** DATASET follows **

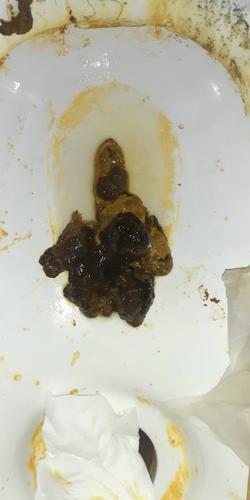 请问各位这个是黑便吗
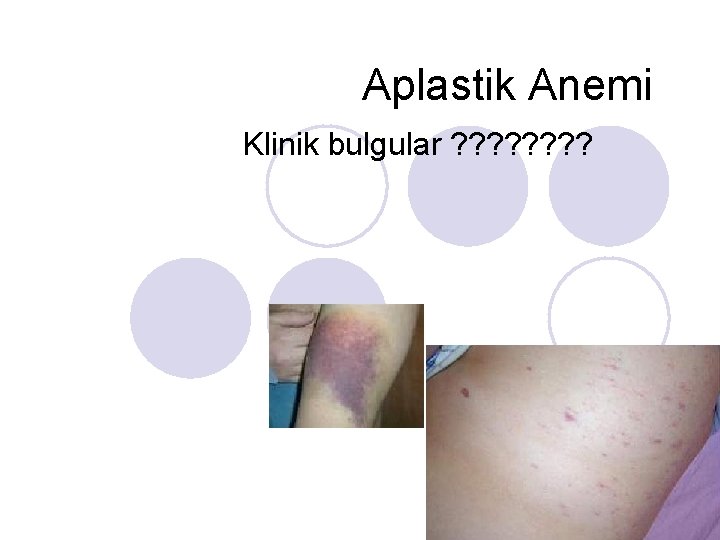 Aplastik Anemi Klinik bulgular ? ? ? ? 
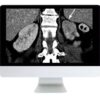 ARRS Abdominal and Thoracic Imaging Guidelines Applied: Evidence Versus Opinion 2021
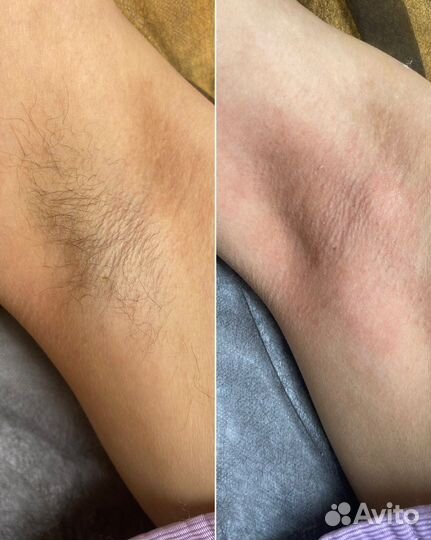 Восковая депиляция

** End of DATASET **
** DATASET follows **

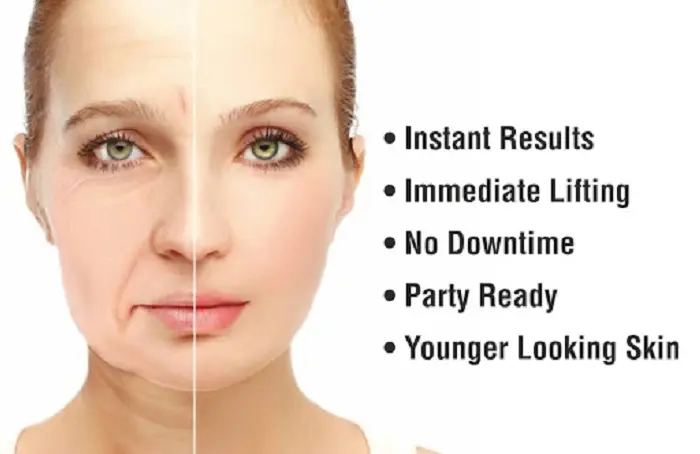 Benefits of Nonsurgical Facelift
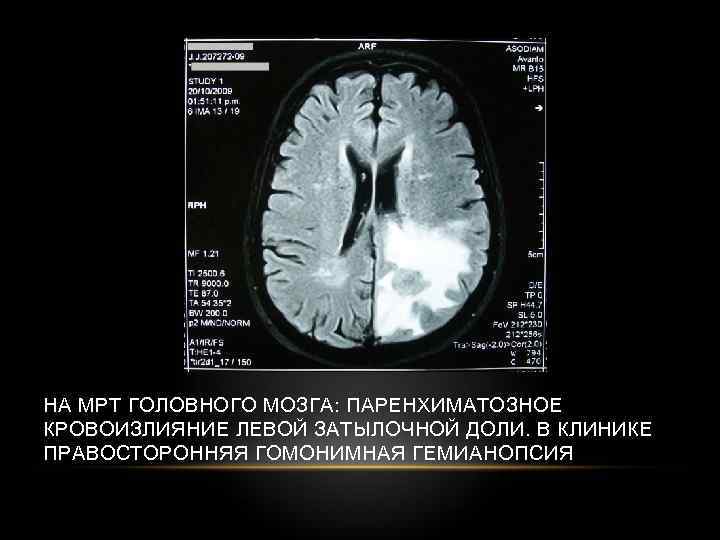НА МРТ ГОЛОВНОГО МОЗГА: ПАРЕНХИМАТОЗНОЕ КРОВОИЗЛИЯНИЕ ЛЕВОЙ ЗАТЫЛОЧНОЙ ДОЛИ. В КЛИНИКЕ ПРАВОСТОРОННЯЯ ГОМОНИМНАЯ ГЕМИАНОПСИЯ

** End of DATASET **

*REQUIRED WORK*.
Your reply should consist solely of the lines above from the line containing "ARRS Abdominal and" up to and including the line containing "Восковая депиляция", reproduced exactly, minus the pictures.

*PROBLEM SOLUTION*.
 ARRS Abdominal and Thoracic Imaging Guidelines Applied: Evidence Versus Opinion 2021
 Восковая депиляция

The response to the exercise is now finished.